Some SEO companies invested in cloaking technology — systems that automatically generated cloaked pages or entire cloaked sites. Of course, sooner or later they would get detected by the search engines and have their sites banned. Often the client’s sites were banned too. These SEO companies would simply declare their businesses bankrupt so they didn’t have to return any fees. They would then reform under a new company with a new name and simply start again. I saw one bunch of people do this three times before anybody in their area cottoned on.

Conclusion

These techniques offer you a toolbox of tricks with which to extract money from naïve SEO clients. To be a successful rip-off SEO company, you need good salespeople who can gather new customers on a regular basis because you won’t get much repeat business.

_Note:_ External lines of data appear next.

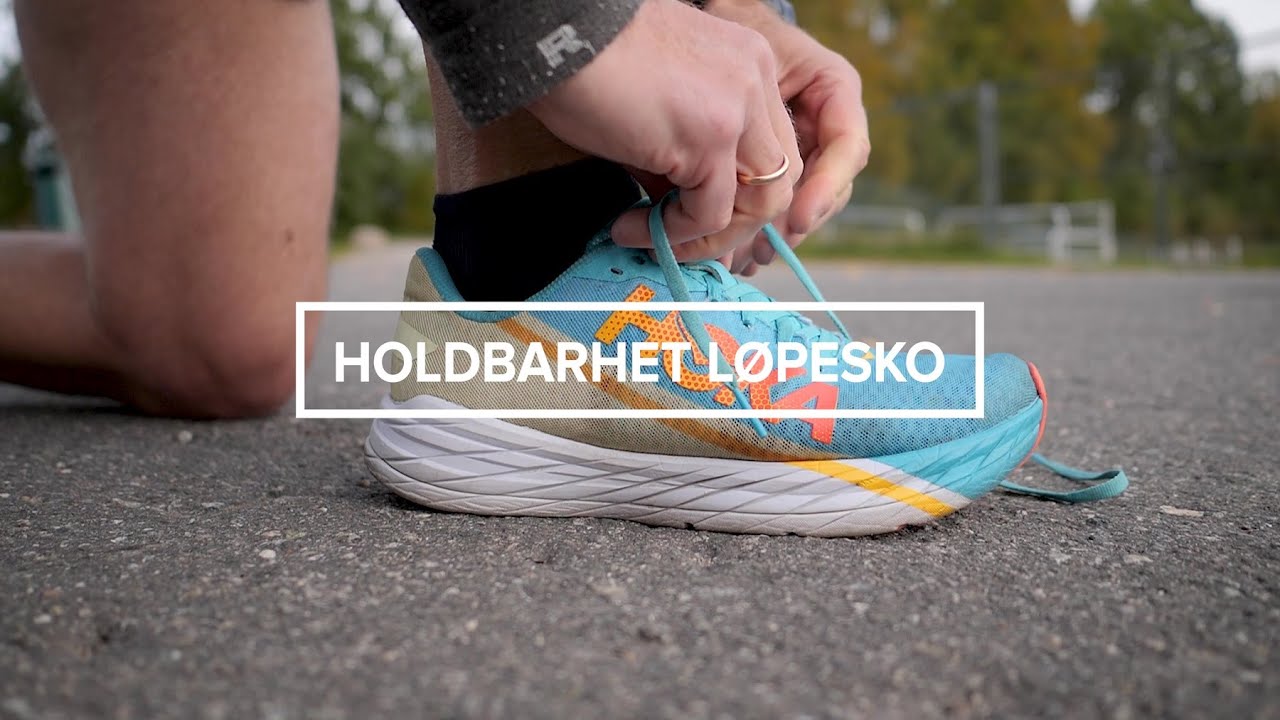 Holdbarhet l&oslash;pesko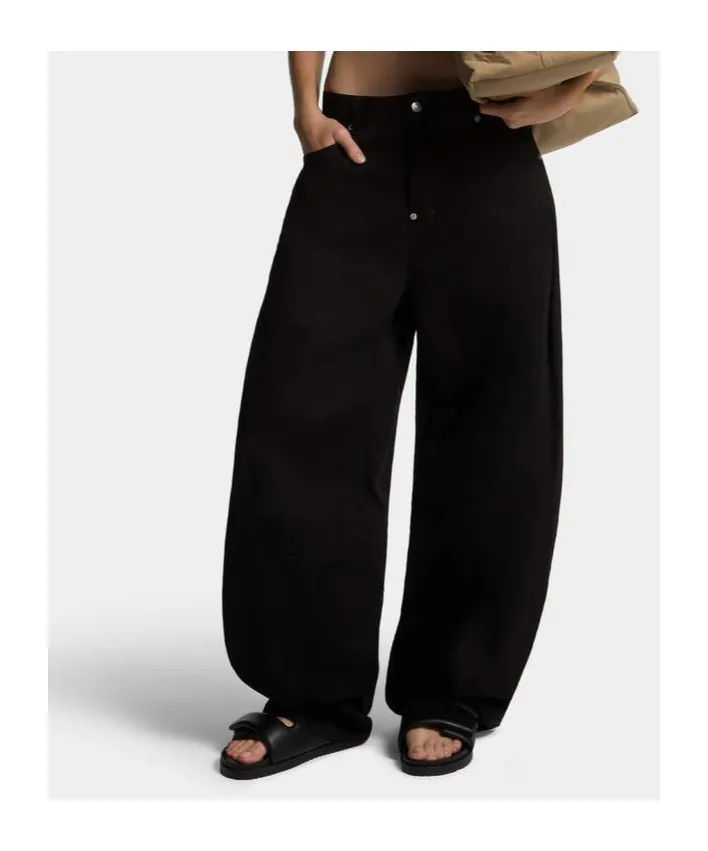 Tapered Jeans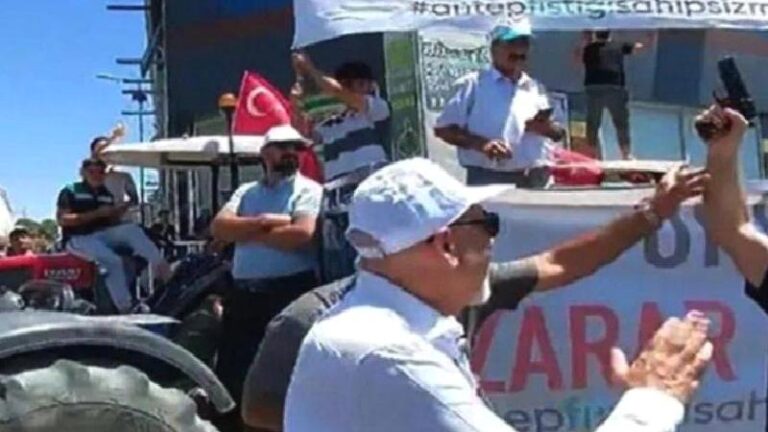 CHP’li Meriç’e Gaziantep’te silahlı saldırı: Mitingde havaya ateş açıldı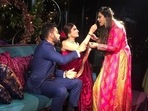 Anushka Sharma gives a shout out to her sister-in-law Bhawna Kohli Dhingra.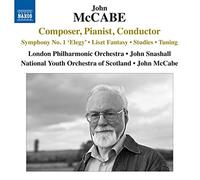 Lpo:Nyo Scotland:Mccabe - Mccabe: Symphony No.1 Elegy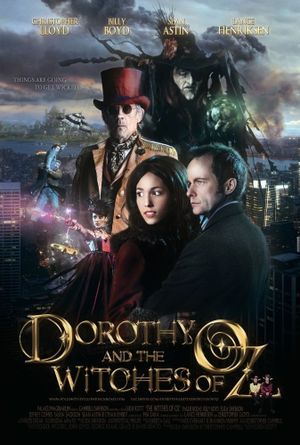 Dorothy and the Witches of Oz's poster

You also need to lock clients in with one-year contracts. This is not too difficult because most people understand it takes many months, if not years, to achieve results in SEO. It is therefore unfair to judge any SEO company — even legit ones — on the strength of a few months’ work.

Of course, if you are operating like this, it is absolutely critical that you do not let potential clients talk to existing clients. Never provide referrals! Talking to existing clients of an SEO company is the best way to determine the quality of the company’s work. If you’re no good at SEO, don’t let this happen to you.

Many SEO companies have built hugely profitable businesses using the techniques I have outlined. Some of them are major international brands. The critical thing to avoid is customers who have read this article. They will be extremely difficult to fool.